А что бывает с человеком, попавшим в стихию войны? Я видел солдата, которого так она захватила, что однажды он решил испробовать на случайно оказавшемся «под рукой» подростке, насколько хорошо наточена его шашка. Тогда его отговорил от этого намерения старший товарищ, по счастью, оказавшийся поблизости, и солдат оценил наточенность своей шашки, полоснув ею по столбу. Не думаю, что этот вояка был самым жестокосердным в армии и желал смерти ни в чем не виноватому ребенку, просто долгая стихия войны вымыла из него всякое сострадание и к себе, и к противнику, и вообще к людям как таковым.
Да что стихии! Порой довольно и одной кружки водки, чтобы вмиг пробудить и бойко вывести на свет то, что человек в себе даже и не чаял. Взять, к примеру, Езерского, который мнит себя аристократом, но всю подноготную суть которого мгновенно обнажил вчера лишний глоток водки. Подозревает ли этот юноша, что, может быть, куда больше он годится на то, чтобы, встав на четвереньки, лаять на собак, чем рассуждать о Байроне? Впрочем, как я слышал, и Байрон был не прочь покуролесить не хуже нашего брата-гусара: и морды бил, и девок любовью жаловал.

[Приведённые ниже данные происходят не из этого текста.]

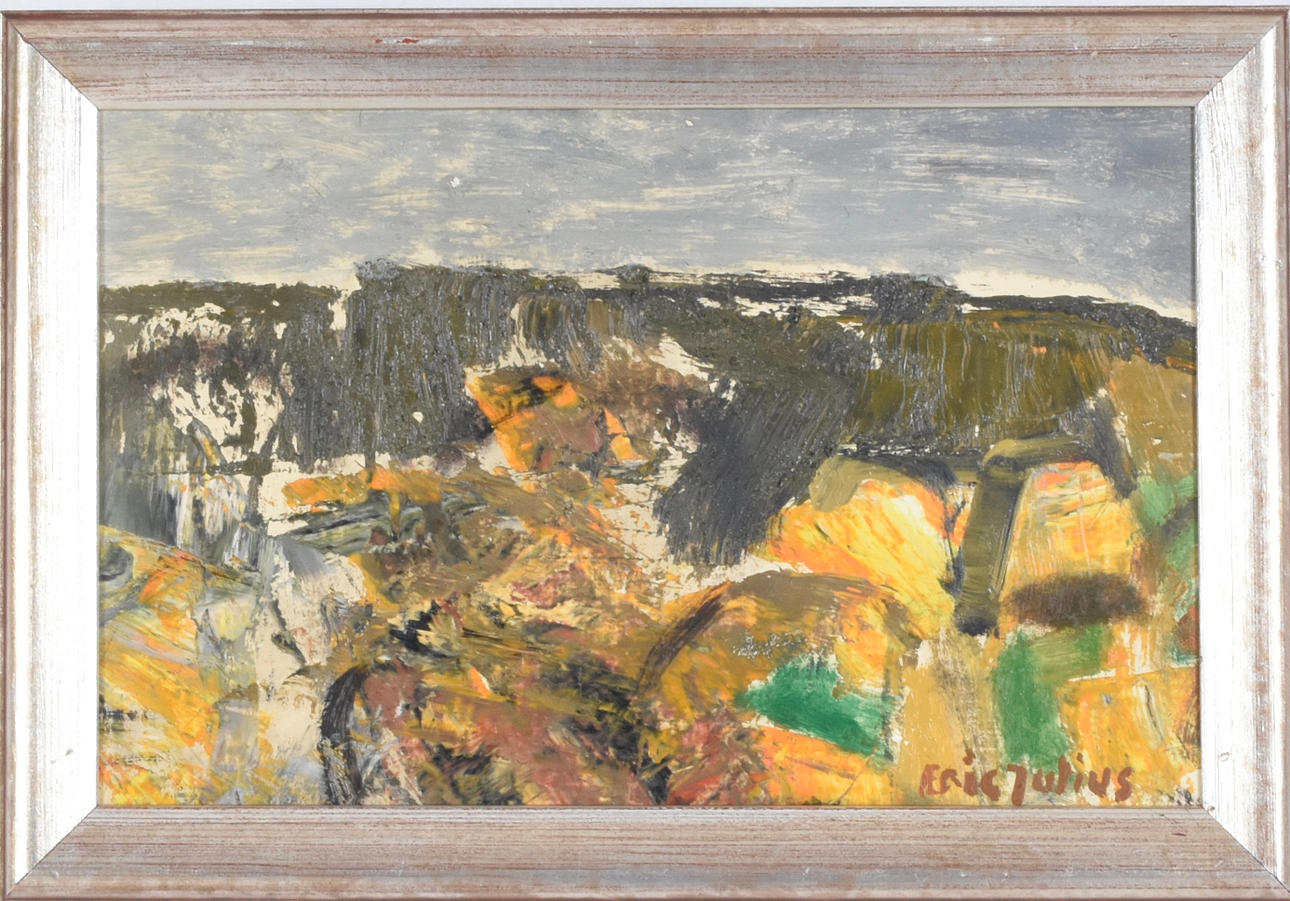 ERIC JULIUS. Aceite en Tabla.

Но то любовь, божественная материя. В жизни ее часто путают со страстью, хотя между любовью и страстью лежит горькая пустыня разочарования.
«Гусар после стихии страсти»
…Занятно бывает наблюдать, как человека захватывает стихия. Иной раз смотришь на даму и мнишь ее воплощением духовности и возвышенности. Однако ж стоит оказаться с этой самой дамой в спальне, как тут же превращается она в некое животное. Казалось бы – только что в гостиной пела небесным голоском на итальянском, а, глядишь, уже повизгивает, как щенок, и хрюкает, как поросенок. О, страшная штука – стихия страсти. Но еще страшнее стихия одиночества…
…Итак, не желая угодить в стихию реки, я не пошел купаться, а приказал трактирному служке поливать меня колодезной водой, ведь в колодцах рыбы не водятся и никто не купается.
Омывшись, я вернулся в гостиницу. Наш караван уже был готов к дальнейшему путешествию: купцы и возчики неторопливо толковали о чем-то, ожидая моего возвращения, а Езерский, опустив плечи, прохаживался вдоль повозок. Он был бледен, и руки его беспорядочно блуждали вокруг головы, подобно нищим, просящим в неурожайный год кусок хлеба на площади у церкви.
– Да-с, с непривычки-то это тяжело, – сказал я корнету. – Но ничего, еще обучитесь и пить по-гусарски, и похмелье стоически переносить.
– Я был вчера безобразен? – спросил Езерский тоскливо. – Только уж честно скажите, поручик.